By Dan Blair, a marriage counselor and family counselor.
To resolve issues with an “ex” in an unavoidable divorce, present and future co-parents may have to be at the point where they are tired of having issues and spending money for going to court. To resolve issues co-parents have to let go of total control, which can be scary. One also has to set aside the anger, hurt, and betrayal that fuels ongoing conflict. The emotion is understandable, but may not resolve the conflict.
Given the emotional intensity of interacting with one’s “ex,” here’s a way to remember keys to success, if success is within your control. Remember the goal is not to determine who is “right,” which is debatable, but to stop the issue from going back and forth indefinitely. There are circumstances where this is necessary, and expensive. On the other hand, even court orders do not stop the cycle.

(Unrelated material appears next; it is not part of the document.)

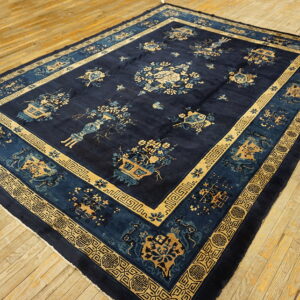 Navy blue area rug with gold and light blue botanical and geometric patterns rests on light wood planks.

Focus on the other’s feeling about the topic, one topic at a time. Dealing on the feeling level may not be as satisfying as proving the “facts,” but surprisingly, “facts” can also be debatable. Allowing the feeling of the other takes away the frustration of having to prove a point and creating more defensiveness. Feelings are the basis of one’s position and often stay they same whether or not one is right or wrong.
The future is negotiable; the past is not. The past may be important to understand, but that will not change the past.
The chance of resolving an issue is dependent on flexibility. This is not to say that one should be flexible, but that to resolve an issue some area of flexibility must be discovered.
How do you derail progress? Three examples include name-calling, criticism, and topic-jumping that creates defensiveness that add “fuel to the fire.”
These approaches to problem-solving are inadequate if one side believes that non-agreement or “winning” is a more desired scenario. But even in “winning” there is much to be lost.